La mutinerie, pendant laquelle 12 surveillants ont été pris en otage, a duré 17 heures entre dimanche après-midi et lundi matin dans le complexe pénitentiaire Anisio Jobim (Compaj), située en périphérie de Manaus.

« Il s'agit du plus grand massacre commis dans une prison en Amazonie », a souligné le secrétaire de l'État d'Amazonie à la Sécurité publique Sergio Fontes lors de cette conférence de presse, précisant qu'« un grand nombre de détenus ont été décapités ».

En octobre, une autre mutinerie avait déjà fait 33 morts dans deux prisons de la région amazonienne, dans les États de Rondonia, frontalier avec la Bolivie, et de Roraima, limitrophe avec le Venezuela.

À Manaus, les règlements de compte entre narcotrafiquants incarcérés ont pris une ampleur sans précédent depuis le massacre de Carandiru, qui a fait 111 morts en 1992, à Sao Paulo.

« Nous sommes parvenus à mettre fin à la mutinerie et à préserver la vie des otages », a expliqué M. Florencio.

Selon le site d'information brésilien G1, citant l'Organisation des Avocats du Brésil (OAB), plus de 130 détenus se sont enfuis de la prison.

« Nous n'avons toujours pas le nombre de fugitifs parce que les opérations dans la prison sont toujours en cours », a décrit M. Fontes. Il a indiqué que 16 tunnels, par lesquels des prisonniers se sont échappés, avaient été découverts.

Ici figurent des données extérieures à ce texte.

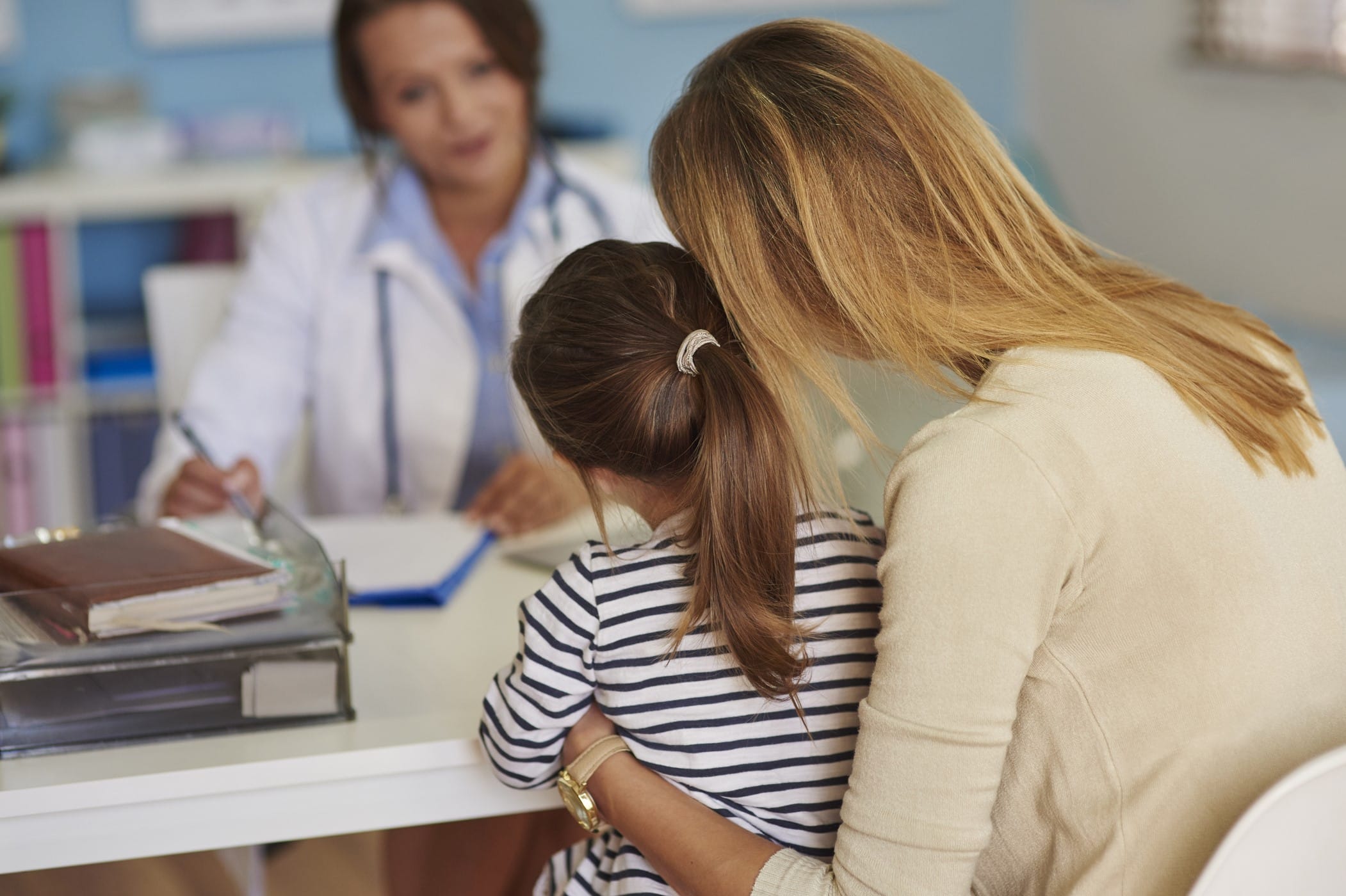 Mother and child speaking with a doctor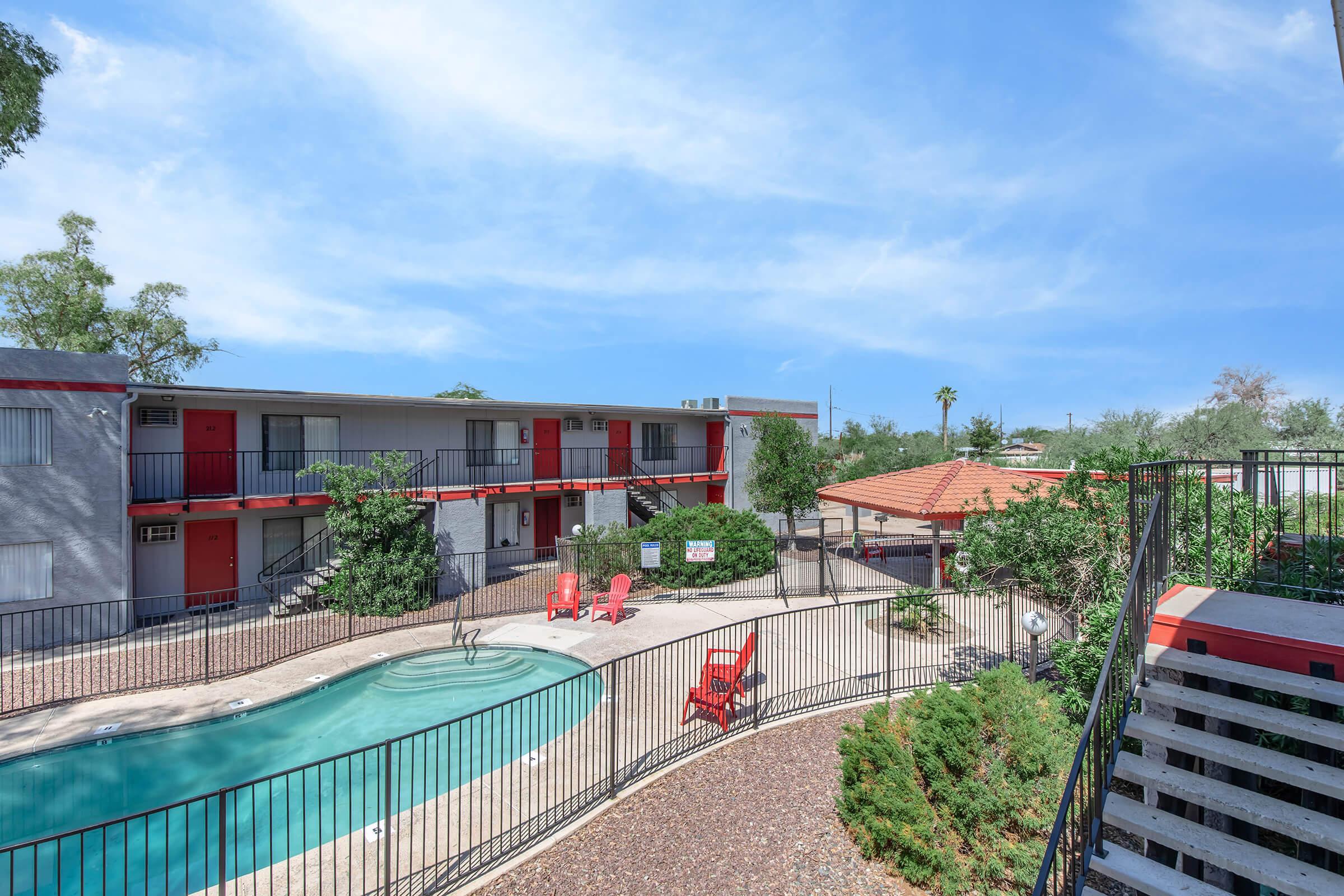 View of a modern apartment complex featuring a swimming pool surrounded by red lounge chairs, landscaped greenery, and a gazebo. The two-story buildings have red accents and are set against a clear blue sky, creating a welcoming atmosphere for residents.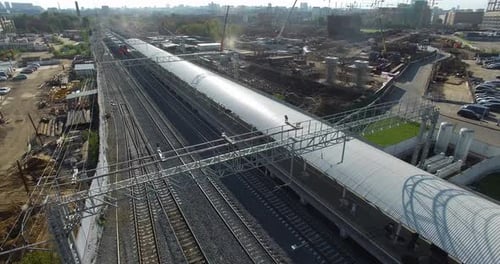 Electric Train Arriving To the Station in City Outskirts, Aerial View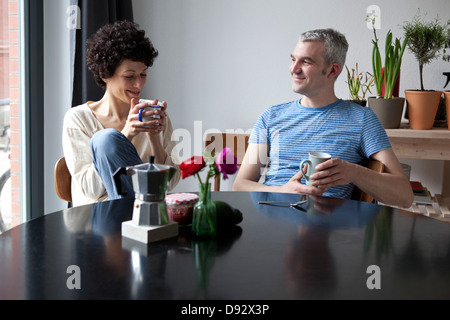 Un couple d'âges mixtes de la hanche gaie appréciant leur petit-déjeuner ensemble dans la salle à manger Banque D'Images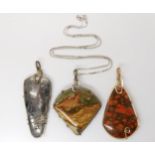 Three American silver and gold plated wire wrapped mineral pendants to include pyrites, fossilized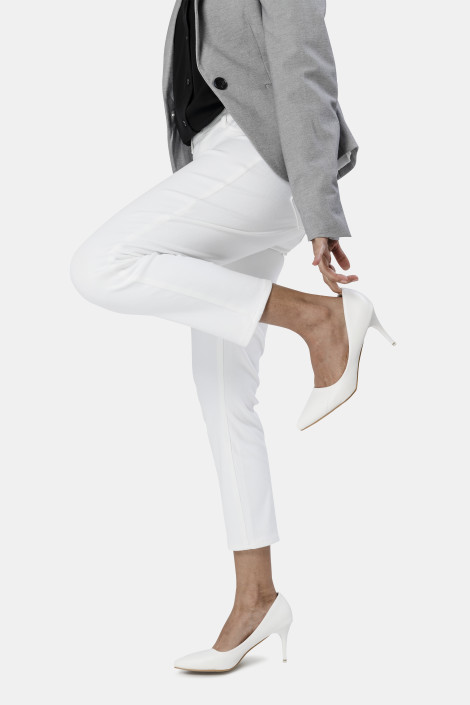 Businesswoman wearing her white high heel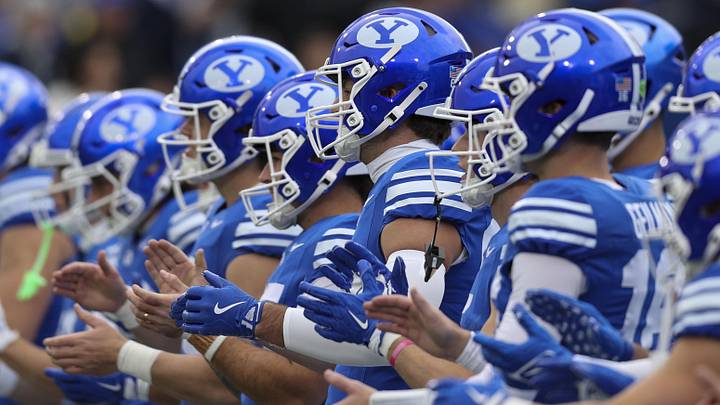 Nov 29, 2025; Provo, Utah, USA; The BYU Cougars warm up before the game against the UCF Knights at LaVell Edwards Stadium. Mandatory Credit: Rob Gray-Imagn Images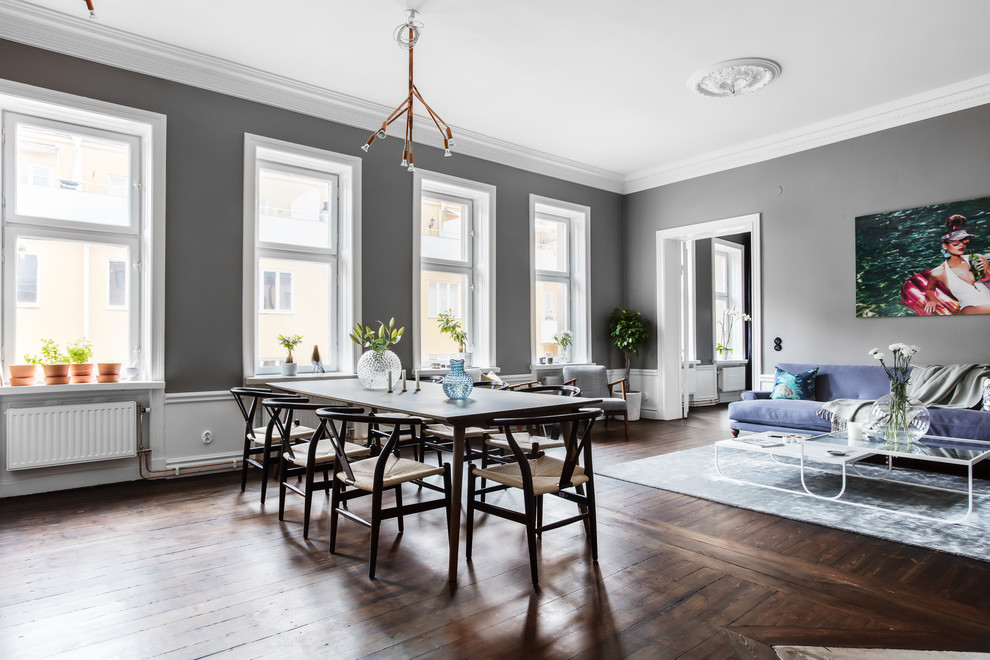 На фото: большая столовая в скандинавском стиле с серыми стенами, темным паркетным полом и коричневым полом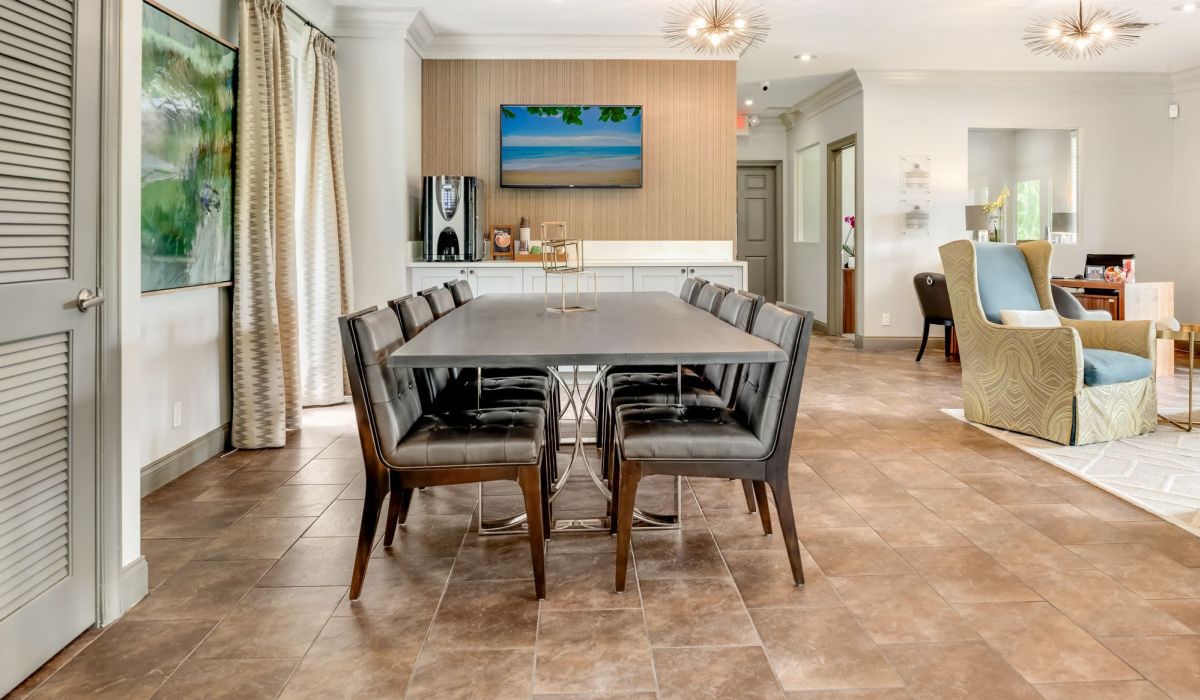 Dining area with seating arrangement at Mizner Court in Boca Raton, Florida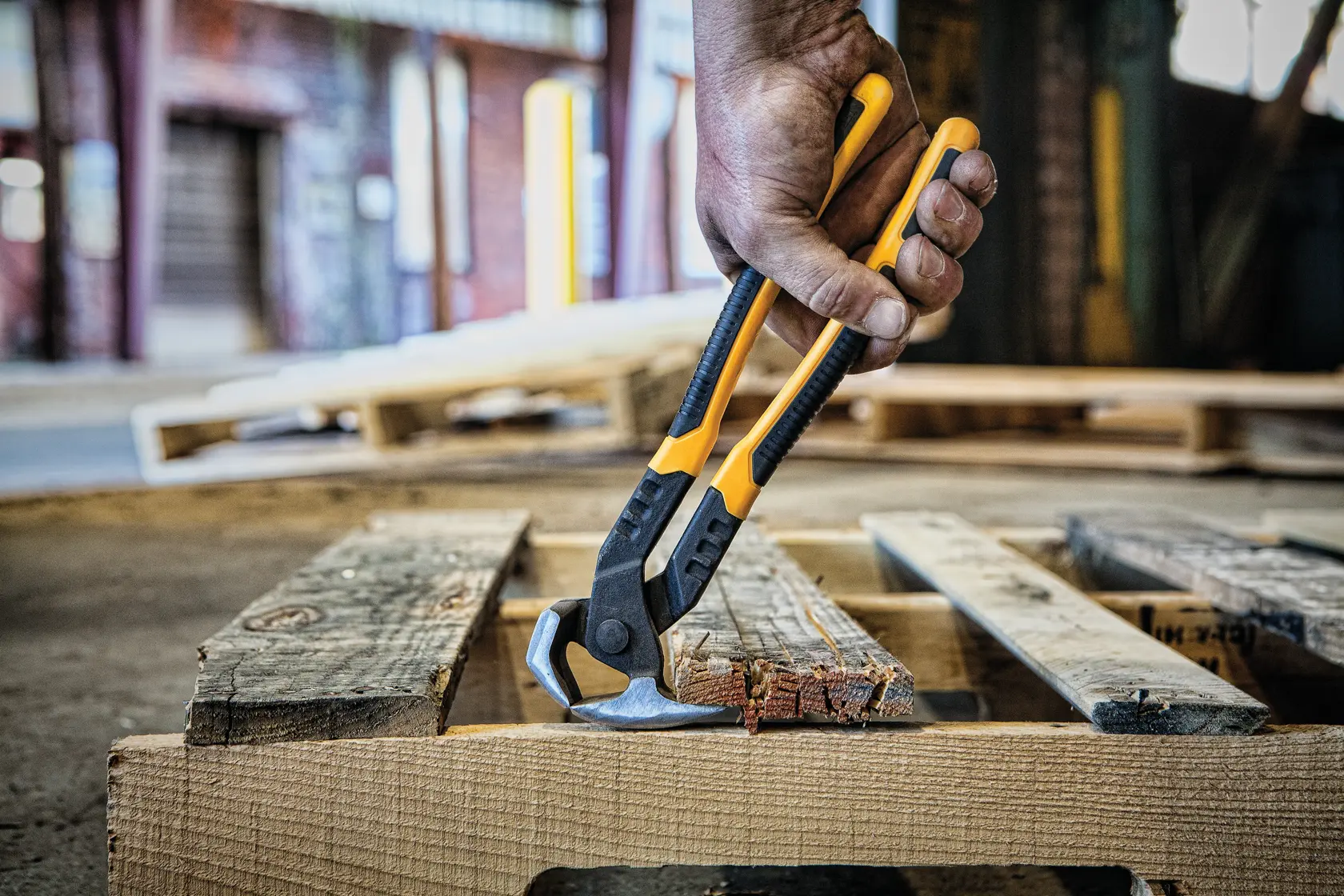 A close-up of a hand using a DEWALT yellow and black hand tool to grip and remove nails from a wooden pallet in an industrial setting.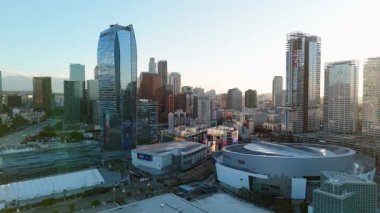Gece gökyüzünü aydınlatan parlak renklerle şehir merkezindeki gökyüzünün büyüleyici gündoğumu manzarasının tadını çıkarın. Bu hava manzarası, Los Angeles 'ın modern mimarisi ve...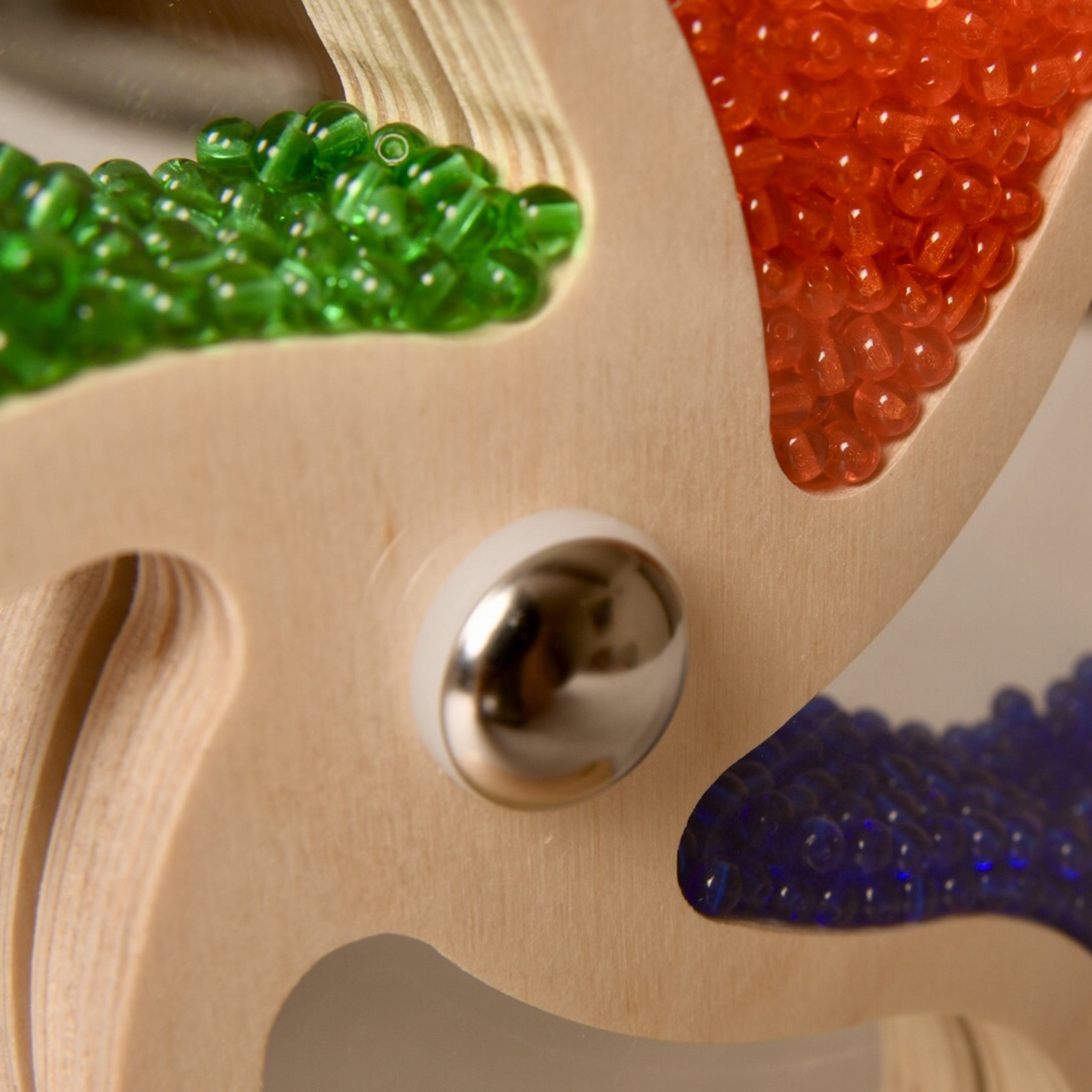 Close-up of a wooden toy with colorful beads and a metal ball.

Cité par G1, le président de la commission des droits de l'homme de l'OAB en Amazonie, Epitacio Almeida, les mutins ont libéré les derniers otages et rendu les armes à 08H40 locales (12h40 GMT). Une cellule a été incendiée, mais les autorités n'ont pas déploré d'autres dégâts matériels majeurs.

« Guerre entre factions »

« Nous vivons une guerre silencieuse du trafic de drogue et l'État se doit d'intervenir. Les factions se battent entre elles pour gagner plus d'argent, c'est une lutte de territoire », a alerté M. Fontes.

Les mutineries sont fréquentes dans les prisons surpeuplées du Brésil, qui sont contrôlées en interne par ces factions criminelles.

« Cette guerre entre factions a lieu dans tout le pays, dans toutes les unités pénitentiaires », a confirmé M. Florencio, qui a évoqué une « vengeance » du groupe local FDN (Familia do Norte) contre le PCC (Premier commando de la capitale), fondé à Sao Paulo.

Le secrétaire à la Sécurité publique a expliqué que cette mutinerie n'avait « pas été planifiée à l'avance », mais a estimé que la faction avait « envoyé un message à ses rivaux ».

Avec 622 000 détenus recensés par le ministère de la Justice fin 2014, le Brésil compte la quatrième population carcérale au monde, derrière les États Unis, la Chine et la Russie.

Pour faire face à la pression carcérale, le pays devrait augmenter de 50 % la capacité de ses prisons, selon un rapport du ministère.

Au niveau national, le taux d'occupation est de 167 %, soit 1,67 détenu par place disponible, un chiffre qui s'élève à 2,59 en Amazonie, qui comptait 8868 détenus en 2014.